The maverick scientist and engineer who both invented the term, and the discipline of earth systems that underpins it, would doubtless be happy to hear we had such a rich, though fearful, sense of the term. James Lovelock is a sprightly 100 years old this month, still thinking furiously at his seaside cottage on Chesil Beach in Dorset. He has celebrated by releasing a short but mind-blowing book,entitled Novacene.

Lovelock still holds his “Gaia hypothesis” strongly. Organisms and their terrains are elements of one unfathomably complex, self-regulating system, whose aim is to maintain the conditions for life on this planet. It’s so coherent that it easily deserves an identity (the name is taken from Greek mythology, and was actually conferred by the novelist William Golding).

Lovelock has become notorious in the last two decades for happily proclaiming that Gaia would flick a recklessly polluting humanity off its presumptive perch. As his collaborator Lynn Marguiles used to say: “Gaia is a tough bitch.”

It’s not so much that we have to save the planet, as save ourselves from its wrath.

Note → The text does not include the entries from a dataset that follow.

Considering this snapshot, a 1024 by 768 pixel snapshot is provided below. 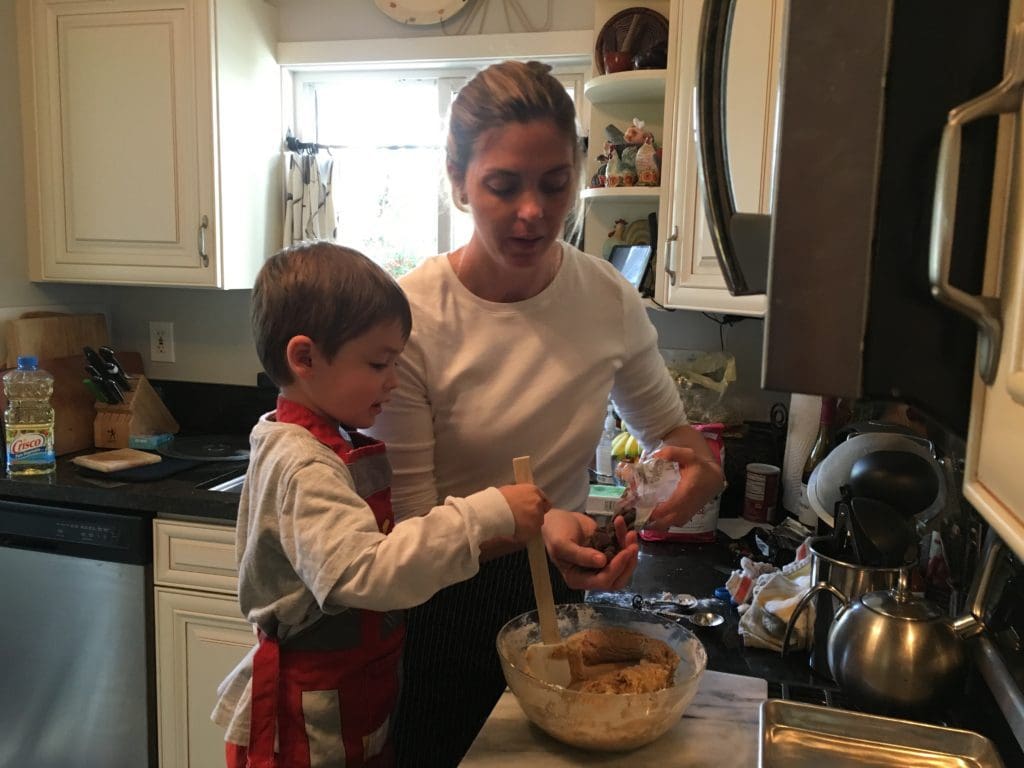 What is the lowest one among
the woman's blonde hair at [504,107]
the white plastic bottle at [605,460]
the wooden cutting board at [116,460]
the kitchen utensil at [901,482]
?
the wooden cutting board at [116,460]

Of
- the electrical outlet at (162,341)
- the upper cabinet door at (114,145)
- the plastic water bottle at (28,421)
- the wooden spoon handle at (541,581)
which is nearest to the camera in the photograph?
the wooden spoon handle at (541,581)

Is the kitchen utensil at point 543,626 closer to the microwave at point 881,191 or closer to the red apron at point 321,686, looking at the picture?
the red apron at point 321,686

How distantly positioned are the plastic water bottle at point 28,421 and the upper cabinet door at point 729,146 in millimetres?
1567

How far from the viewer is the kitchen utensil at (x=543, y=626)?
0.95m

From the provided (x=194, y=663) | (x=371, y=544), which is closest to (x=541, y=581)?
(x=371, y=544)

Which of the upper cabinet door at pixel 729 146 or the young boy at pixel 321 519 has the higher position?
the upper cabinet door at pixel 729 146

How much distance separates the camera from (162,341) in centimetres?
262

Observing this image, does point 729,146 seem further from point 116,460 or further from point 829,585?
point 116,460

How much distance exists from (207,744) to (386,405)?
128 cm

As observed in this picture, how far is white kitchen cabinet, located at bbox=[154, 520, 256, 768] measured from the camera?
6.30 ft

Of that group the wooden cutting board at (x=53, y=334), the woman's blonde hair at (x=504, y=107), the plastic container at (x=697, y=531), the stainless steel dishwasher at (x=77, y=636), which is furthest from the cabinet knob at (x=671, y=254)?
the wooden cutting board at (x=53, y=334)

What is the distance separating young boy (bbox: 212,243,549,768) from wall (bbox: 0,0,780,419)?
1.34 metres

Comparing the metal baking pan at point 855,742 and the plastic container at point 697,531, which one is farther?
the plastic container at point 697,531

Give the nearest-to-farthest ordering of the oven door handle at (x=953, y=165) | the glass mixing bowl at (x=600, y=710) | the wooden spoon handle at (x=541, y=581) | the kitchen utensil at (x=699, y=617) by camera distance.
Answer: the oven door handle at (x=953, y=165)
the glass mixing bowl at (x=600, y=710)
the wooden spoon handle at (x=541, y=581)
the kitchen utensil at (x=699, y=617) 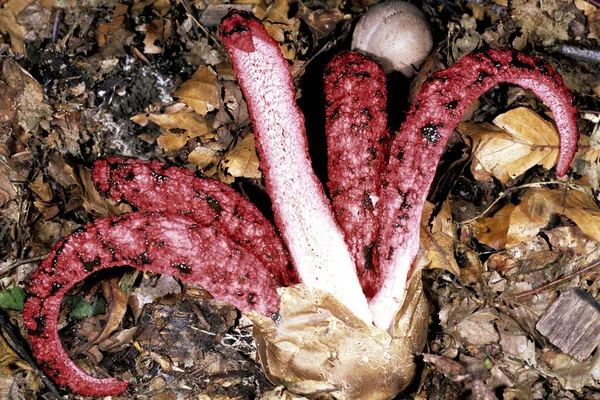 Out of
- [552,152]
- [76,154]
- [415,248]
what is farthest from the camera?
[76,154]

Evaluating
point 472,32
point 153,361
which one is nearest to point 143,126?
point 153,361

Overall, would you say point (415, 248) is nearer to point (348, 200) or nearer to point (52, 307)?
→ point (348, 200)

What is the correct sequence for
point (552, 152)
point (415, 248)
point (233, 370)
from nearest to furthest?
point (415, 248)
point (233, 370)
point (552, 152)

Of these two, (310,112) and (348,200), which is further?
(310,112)

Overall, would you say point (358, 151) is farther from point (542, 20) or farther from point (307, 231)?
point (542, 20)

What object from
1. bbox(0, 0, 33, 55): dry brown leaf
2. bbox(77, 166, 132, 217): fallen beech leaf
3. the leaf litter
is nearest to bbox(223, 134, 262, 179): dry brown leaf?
the leaf litter

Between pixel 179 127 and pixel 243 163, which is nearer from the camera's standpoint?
pixel 243 163

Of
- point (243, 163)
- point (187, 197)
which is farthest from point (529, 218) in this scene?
point (187, 197) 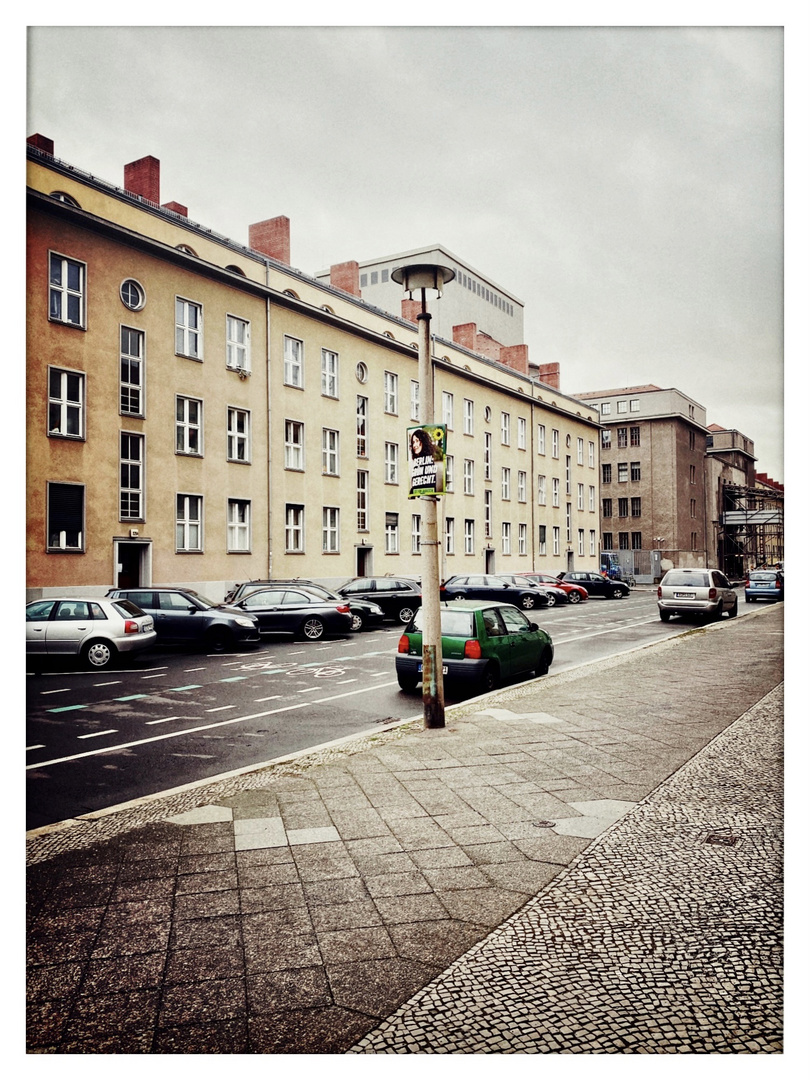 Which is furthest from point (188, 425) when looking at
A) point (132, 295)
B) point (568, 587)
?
point (568, 587)

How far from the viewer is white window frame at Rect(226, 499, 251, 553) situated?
27234 mm

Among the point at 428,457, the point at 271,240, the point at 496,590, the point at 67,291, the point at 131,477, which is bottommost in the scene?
the point at 496,590

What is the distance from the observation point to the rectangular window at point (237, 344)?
2751 cm

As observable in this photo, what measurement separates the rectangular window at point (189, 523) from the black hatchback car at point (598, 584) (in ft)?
62.5

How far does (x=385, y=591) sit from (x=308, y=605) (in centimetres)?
523

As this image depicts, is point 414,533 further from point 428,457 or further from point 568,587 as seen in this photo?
point 428,457

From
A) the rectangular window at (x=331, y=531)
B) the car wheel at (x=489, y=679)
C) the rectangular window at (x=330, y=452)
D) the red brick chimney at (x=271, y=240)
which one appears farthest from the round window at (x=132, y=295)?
the car wheel at (x=489, y=679)

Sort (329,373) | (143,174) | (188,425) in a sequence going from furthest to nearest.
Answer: (329,373) < (188,425) < (143,174)

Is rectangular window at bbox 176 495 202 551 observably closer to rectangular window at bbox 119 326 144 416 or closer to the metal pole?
rectangular window at bbox 119 326 144 416

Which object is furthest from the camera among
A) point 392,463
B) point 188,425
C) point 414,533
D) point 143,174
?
point 414,533

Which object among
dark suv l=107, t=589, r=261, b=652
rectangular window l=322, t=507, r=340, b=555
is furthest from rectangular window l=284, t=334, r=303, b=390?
dark suv l=107, t=589, r=261, b=652

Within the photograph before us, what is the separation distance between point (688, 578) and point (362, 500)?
1423 cm

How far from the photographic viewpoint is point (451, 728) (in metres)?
8.12

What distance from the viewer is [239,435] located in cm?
2781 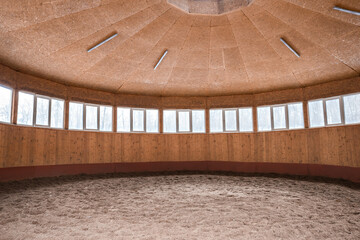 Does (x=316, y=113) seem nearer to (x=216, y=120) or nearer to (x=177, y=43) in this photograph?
(x=216, y=120)

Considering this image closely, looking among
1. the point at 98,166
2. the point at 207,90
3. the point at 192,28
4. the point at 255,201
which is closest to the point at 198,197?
the point at 255,201

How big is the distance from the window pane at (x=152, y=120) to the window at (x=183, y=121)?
44 cm

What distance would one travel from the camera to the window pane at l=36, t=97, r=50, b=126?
34.0ft

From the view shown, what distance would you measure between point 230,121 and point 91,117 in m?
7.20

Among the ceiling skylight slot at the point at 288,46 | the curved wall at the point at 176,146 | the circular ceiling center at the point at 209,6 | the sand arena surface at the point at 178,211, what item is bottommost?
the sand arena surface at the point at 178,211

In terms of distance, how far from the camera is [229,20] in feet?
28.9

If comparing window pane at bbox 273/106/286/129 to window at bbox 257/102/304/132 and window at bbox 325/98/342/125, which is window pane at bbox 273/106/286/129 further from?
window at bbox 325/98/342/125

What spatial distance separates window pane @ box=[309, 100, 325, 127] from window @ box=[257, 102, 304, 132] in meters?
0.41

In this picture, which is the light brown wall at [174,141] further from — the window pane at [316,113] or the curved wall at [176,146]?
the window pane at [316,113]

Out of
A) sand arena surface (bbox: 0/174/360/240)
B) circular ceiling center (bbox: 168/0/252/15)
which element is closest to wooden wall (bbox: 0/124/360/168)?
sand arena surface (bbox: 0/174/360/240)

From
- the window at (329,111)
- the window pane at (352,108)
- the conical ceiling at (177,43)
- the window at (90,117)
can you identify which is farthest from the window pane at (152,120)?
the window pane at (352,108)

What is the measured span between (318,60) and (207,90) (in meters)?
5.44

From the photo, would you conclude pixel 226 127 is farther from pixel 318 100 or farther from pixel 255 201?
pixel 255 201

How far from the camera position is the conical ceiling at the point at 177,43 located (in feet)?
24.3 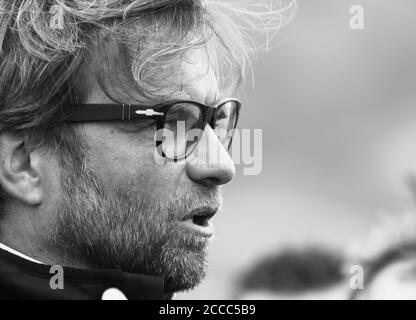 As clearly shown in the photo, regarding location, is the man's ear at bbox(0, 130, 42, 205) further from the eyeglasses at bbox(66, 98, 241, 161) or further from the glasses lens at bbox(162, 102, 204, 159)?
the glasses lens at bbox(162, 102, 204, 159)

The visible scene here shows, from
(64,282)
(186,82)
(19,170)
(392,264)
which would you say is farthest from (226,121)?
(392,264)

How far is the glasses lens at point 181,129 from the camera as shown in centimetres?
311

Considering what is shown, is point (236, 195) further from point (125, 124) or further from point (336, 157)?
point (125, 124)

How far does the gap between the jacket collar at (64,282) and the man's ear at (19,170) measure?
0.25 m

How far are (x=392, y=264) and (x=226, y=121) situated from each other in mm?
1412

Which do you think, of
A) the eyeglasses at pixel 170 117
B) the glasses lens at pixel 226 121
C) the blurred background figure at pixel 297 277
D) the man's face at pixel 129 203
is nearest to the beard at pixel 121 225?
the man's face at pixel 129 203

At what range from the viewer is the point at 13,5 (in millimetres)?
3254

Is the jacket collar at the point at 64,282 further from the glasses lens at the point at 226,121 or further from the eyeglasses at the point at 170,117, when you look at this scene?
the glasses lens at the point at 226,121

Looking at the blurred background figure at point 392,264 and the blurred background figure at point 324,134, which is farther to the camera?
the blurred background figure at point 324,134

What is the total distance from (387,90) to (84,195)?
14.3ft

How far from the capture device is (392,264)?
4.37m

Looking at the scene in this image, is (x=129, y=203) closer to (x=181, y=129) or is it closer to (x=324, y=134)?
(x=181, y=129) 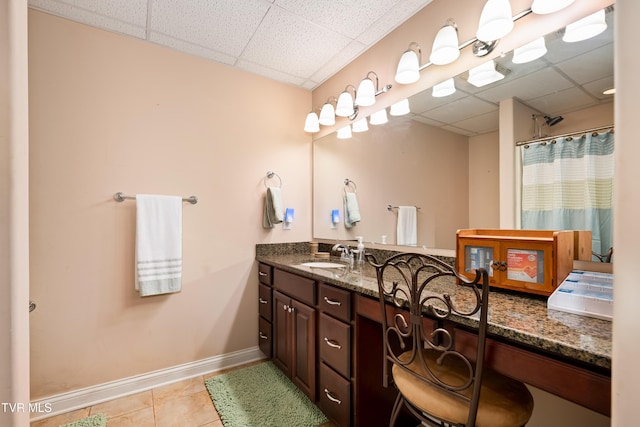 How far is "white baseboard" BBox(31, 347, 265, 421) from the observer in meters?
1.65

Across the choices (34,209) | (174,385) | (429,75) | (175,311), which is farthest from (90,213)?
(429,75)

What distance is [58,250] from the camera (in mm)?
1678

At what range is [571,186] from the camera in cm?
116

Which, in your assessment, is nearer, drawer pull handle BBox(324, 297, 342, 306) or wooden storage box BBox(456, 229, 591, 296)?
wooden storage box BBox(456, 229, 591, 296)

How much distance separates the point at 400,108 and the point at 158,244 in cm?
189

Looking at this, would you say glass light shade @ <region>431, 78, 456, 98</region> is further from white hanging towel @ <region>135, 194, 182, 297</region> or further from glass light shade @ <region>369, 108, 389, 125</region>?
white hanging towel @ <region>135, 194, 182, 297</region>

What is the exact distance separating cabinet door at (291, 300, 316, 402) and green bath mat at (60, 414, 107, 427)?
3.57 ft

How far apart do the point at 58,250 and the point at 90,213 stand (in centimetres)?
27

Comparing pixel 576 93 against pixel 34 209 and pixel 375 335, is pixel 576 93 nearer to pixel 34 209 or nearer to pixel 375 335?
pixel 375 335

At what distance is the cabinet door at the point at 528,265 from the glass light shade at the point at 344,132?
5.07ft

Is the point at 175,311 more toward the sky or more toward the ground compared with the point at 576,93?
more toward the ground

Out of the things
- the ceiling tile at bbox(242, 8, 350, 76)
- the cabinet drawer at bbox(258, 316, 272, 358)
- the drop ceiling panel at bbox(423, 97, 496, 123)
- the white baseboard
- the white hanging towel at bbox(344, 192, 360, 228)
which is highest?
the ceiling tile at bbox(242, 8, 350, 76)

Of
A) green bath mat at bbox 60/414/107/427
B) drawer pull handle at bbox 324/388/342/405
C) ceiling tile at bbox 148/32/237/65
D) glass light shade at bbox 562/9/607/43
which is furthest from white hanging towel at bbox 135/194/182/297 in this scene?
glass light shade at bbox 562/9/607/43

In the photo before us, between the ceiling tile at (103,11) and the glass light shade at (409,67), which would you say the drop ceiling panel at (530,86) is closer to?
the glass light shade at (409,67) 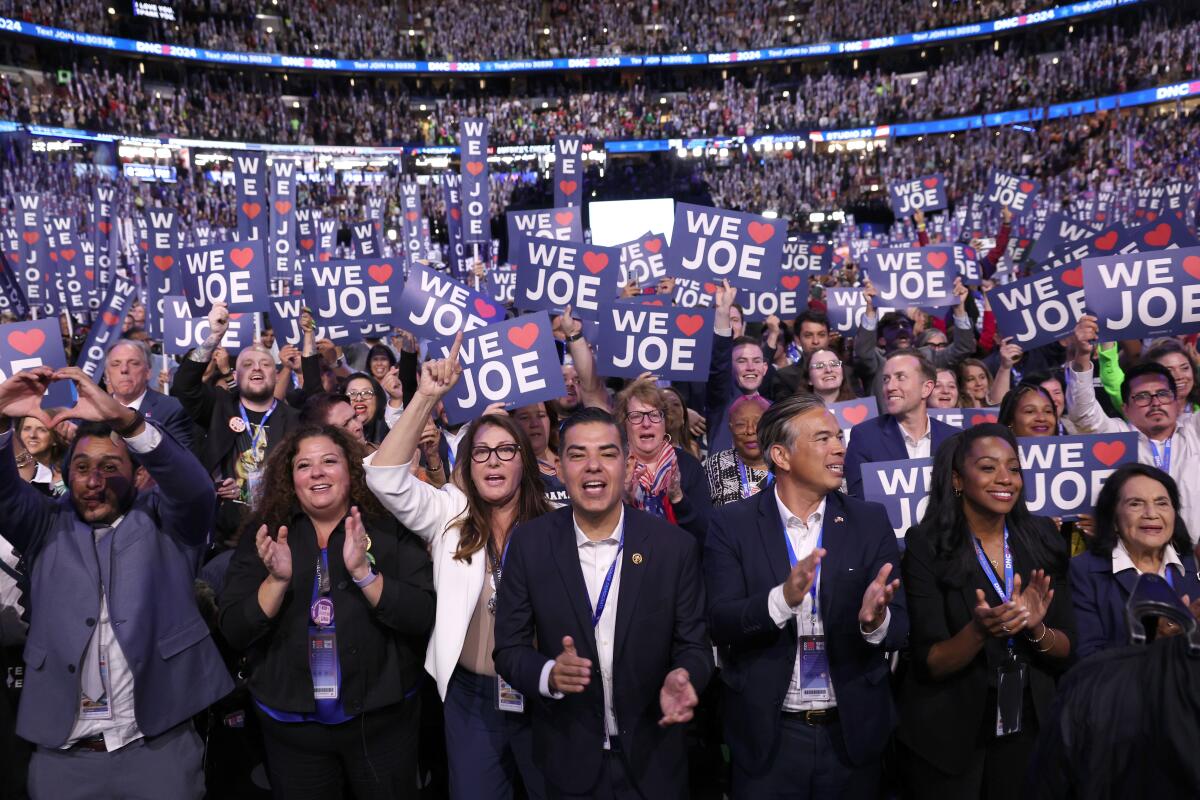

But in this new book, Lovelock takes his cheery sanguinity about humans’ secondary status in the planetary scheme of things one stage further. We have just gotten used to the idea that we’re living in the Anthropocene – the era when human actions begin to decisively shape the behaviour and patterns of our climate, than simply respond to them. Indeed, Lovelock played a crucial role in one of the first and most dramatic realisations of this. In the 1970s, his “electron capture detector” discovered that CFCs, actively destructive of our ozone layer, were present in the South Atlantic. This directly refuted the claims of manufacturers, who were using them to make fridges and deodorants.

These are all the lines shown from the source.